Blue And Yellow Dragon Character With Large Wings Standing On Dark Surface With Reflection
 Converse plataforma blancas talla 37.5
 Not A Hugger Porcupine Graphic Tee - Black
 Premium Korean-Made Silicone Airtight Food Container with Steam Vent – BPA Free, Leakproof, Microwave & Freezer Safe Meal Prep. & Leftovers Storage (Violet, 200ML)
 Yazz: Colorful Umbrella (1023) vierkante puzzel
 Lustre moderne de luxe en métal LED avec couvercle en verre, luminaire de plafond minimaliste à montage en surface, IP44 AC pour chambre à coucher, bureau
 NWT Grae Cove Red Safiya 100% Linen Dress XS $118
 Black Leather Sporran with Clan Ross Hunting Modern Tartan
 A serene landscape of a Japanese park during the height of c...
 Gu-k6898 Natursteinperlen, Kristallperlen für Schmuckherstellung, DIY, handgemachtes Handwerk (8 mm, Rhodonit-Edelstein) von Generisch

:::::

The listing must be repeated in full, with nothing altered.

Blue And Yellow Dragon Character With Large Wings Standing On Dark Surface With Reflection
 Converse plataforma blancas talla 37.5
 Not A Hugger Porcupine Graphic Tee - Black
 Premium Korean-Made Silicone Airtight Food Container with Steam Vent – BPA Free, Leakproof, Microwave & Freezer Safe Meal Prep. & Leftovers Storage (Violet, 200ML)
 Yazz: Colorful Umbrella (1023) vierkante puzzel
 Lustre moderne de luxe en métal LED avec couvercle en verre, luminaire de plafond minimaliste à montage en surface, IP44 AC pour chambre à coucher, bureau
 NWT Grae Cove Red Safiya 100% Linen Dress XS $118
 Black Leather Sporran with Clan Ross Hunting Modern Tartan
 A serene landscape of a Japanese park during the height of c...
 Gu-k6898 Natursteinperlen, Kristallperlen für Schmuckherstellung, DIY, handgemachtes Handwerk (8 mm, Rhodonit-Edelstein) von Generisch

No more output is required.